In Juno, out December 5, Olivia Thirlby finds out just how nice it is to be the girl who’s not in the middle of all the drama. The 21-year-old actress plays the supportive best friend to pregnant high schooler Juno (Ellen Page). “I enjoyed playing upon the insanity of it all. These two have been friends for a very long time, and Ellen and I shared that,” Thirlby says.

The native New Yorker will play another high schooler on the big screen in March, when she appears with Kate Beckinsale and Sam Rockwell in Snow Angels. Thirlby plays Lila, a band member who helps her crush find love and friendship in the midst of his parents’ divorce.

HUMBLE BEGINNINGS: At 11, Thirlby played an oyster in her middle school’s performance of Alice in Wonderland, but soon realized the girl who played Alice didn’t like her. “She used to glare at me because I knew her lines accidentally from memorizing them during rehearsals,” Thirlby says. “Apparently I was mouthing her lines while she was saying them. I didn’t mean to, but I was just so excited to be in the presence of the lead actress on stage.”

As a senior in college, Thirlby scored the lead opposite David Duchovny in the indie film The Secret. “I always knew I wanted to perform,” she says. “I was a typical drama nerd with the hopes of acting on Broadway someday. But as I got older, I realized if you had a name established in film, it would be easy for you to come back to Broadway because they want stars.”

Thirlby is a self-professed “Shakespeare nut.” “I think he’s the best writer of all time,” she says. “I saw the language and was floored. I needed to stand up and speak the words.” She studied at the American Globe Theatre in New York and the Royal Academy of Dramatic Art in London.
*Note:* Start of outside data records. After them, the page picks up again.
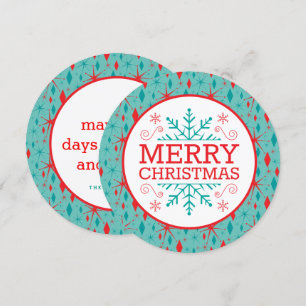 Tarjeta Festiva Navidades Retro Mid Century Starburst y Diamonds
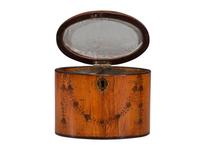 A George III Walnut and Penwork Tea Caddy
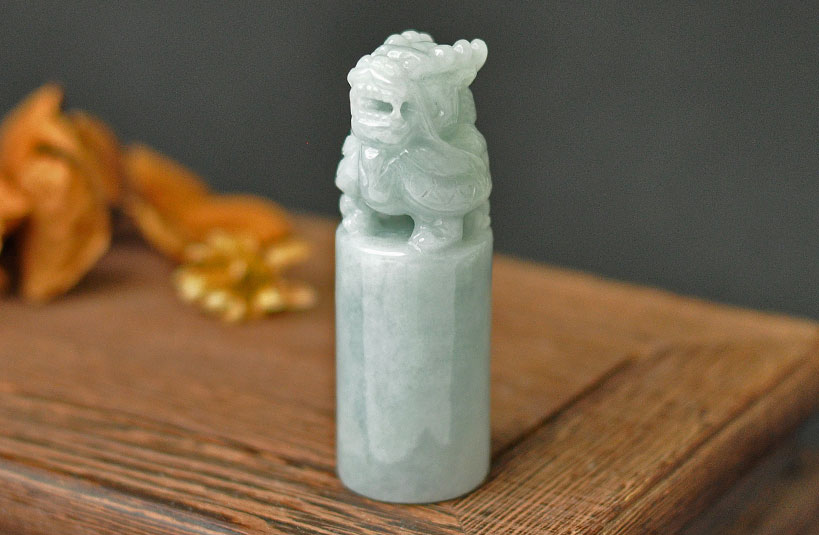 緬甸玉龍龜神獸印章-編號14刻印章店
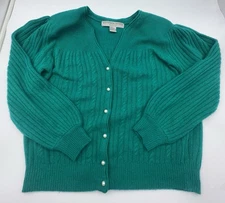 Victoria Jones Lambswool Angora  Pearl Button Cabel Knit Cardigan Sweater Pet L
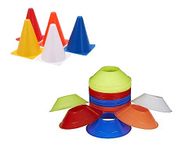 CORSO 6 Inch PVC Cones Pack 6, 20 Space Markers Agility Combos (Multicolour)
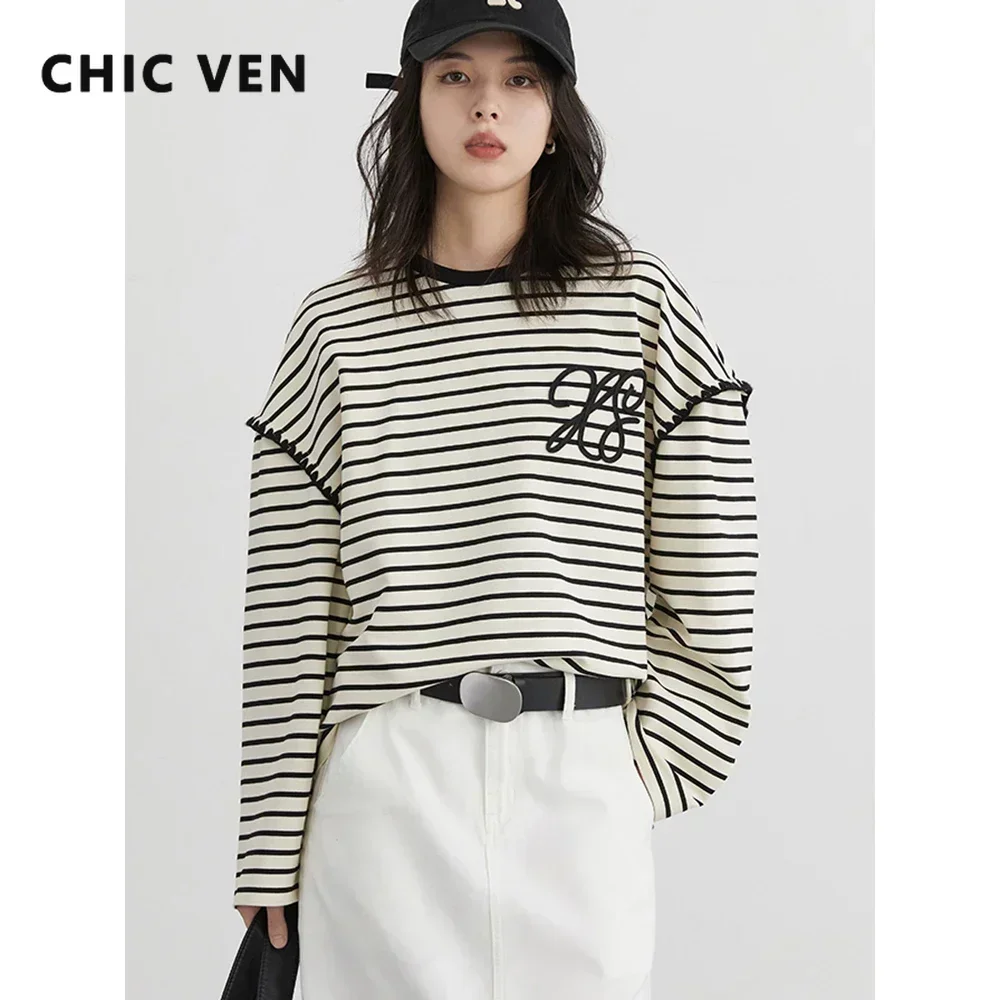 CHIC VEN Women T-Shirts New Loose O Neck Contrasting Striped Long Sleeved Tees Casual Embroidered Female Top Spring Autumn 2024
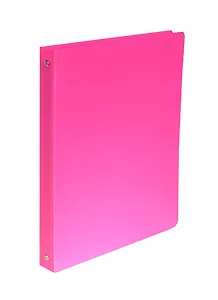 Папка 4кольца А4 24мм "Neon" розовая, пластик, Erich Krause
ACTING BUG: In first grade, Thirlby wrote a letter to the head of the school, suggesting the lower school also perform a play rather than “making students wait to reach middle school.”

FASHION PHILOSOPHY: “It all starts with a plaid shirt and can go any direction from there. I like to feel comfortable and wear pieces nobody else will wear.”

HORSE PLAY: Growing up in New York City, Thirlby rode competitively. “I want to be a cowgirl so badly,” she said. “I’m so meant to be a spur-wearing gunslinger chick.”